While Trump campaigned on a pledge to propose $1 trillion in new spending on infrastructure, and often cited transportation investment needs, his administration has so far said it wants to use $200 billion in direct federal funding over a decade to leverage an additional $800 billion in state, local and private investment.

At a part of the Aug. 30 meeting that was open to press coverage, The Hill reported that Mulvaney said the administration now wants to break the president’s infrastructure package into three pieces, and that “the largest piece of the package is going to be wrapped around incentives” to woo nonfederal investment.

The budget chief also said that “we’re talking about targeting some of the money just for rural projects,” and some of the direct federal funding on “transformative” projects that use new ways to build infrastructure.

Reuters reported that Chao said the plan is not yet final but that states and cities that secure some private-sector financing “will be given higher-priority access to new federal funds.”

And Mulvaney, Reuters said, told the group that the administration wants to give states and cities “incentives to move stuff you might own off of your books and into the private sector,” which he said would result in them “getting more money to do new stuff.”

Ahead of the meeting, some state DOT executives gave Transportation TV their views on the talks with the administration on its still-developing proposal.

“I think it’s great that they’ve been engaging with us,” said Maine DOT Commissioner David Bernhardt, adding that the Trump team has brought in state agency officials several times.

Noting the role those state officials play in routing infrastructure dollars into actual projects, he said the administration’s engagement “sets a good tone, because we’re the ones who are going to make it happen . . . we’re the ones who put the projects out.”

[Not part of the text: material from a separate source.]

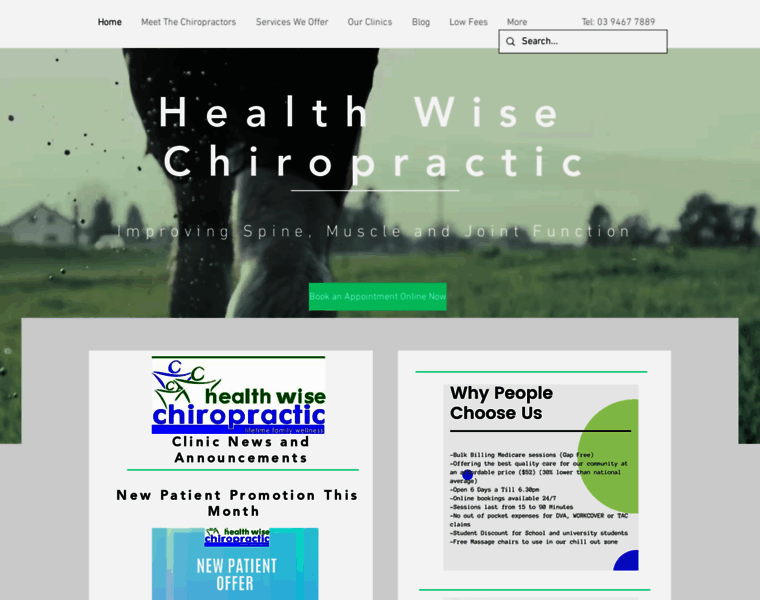 Healthwisechiropractic.com.au thumbnail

William Panos, director of the Wyoming DOT, said he wanted to encourage Trump officials to “continue their work toward regulatory reform” and toward “a budget which will focus on formula-based funding and some discretionary funding as well.”

Panos said that for a largely rural state like Wyoming, federal formula funding – which is disbursed through the federal-aid highway program – is “particularly important” to helping WYDOT maintain its highway system, while federal discretionary funds like grants for specific projects can help as well.

South Carolina Transportation Secretary Christy Hall noted that her state through a recently passed revenue measure is adding more funding of its own for transportation improvements. It is, she said, “a good amount of state funding being brought to the table, and we’re anxious to see what the president has at the federal level to help bring the pieces of the puzzle together for us in South Carolina.

And Shailen Bhatt, the Colorado DOT’s executive director, emphasized that transportation investment needs cross party lines. “I feel like this is, hopefully, one area where Democrats and Republicans can come together to say infrastructure is a bipartisan issue. And so, whatever the vehicle is . . . hopefully we can find a path forward.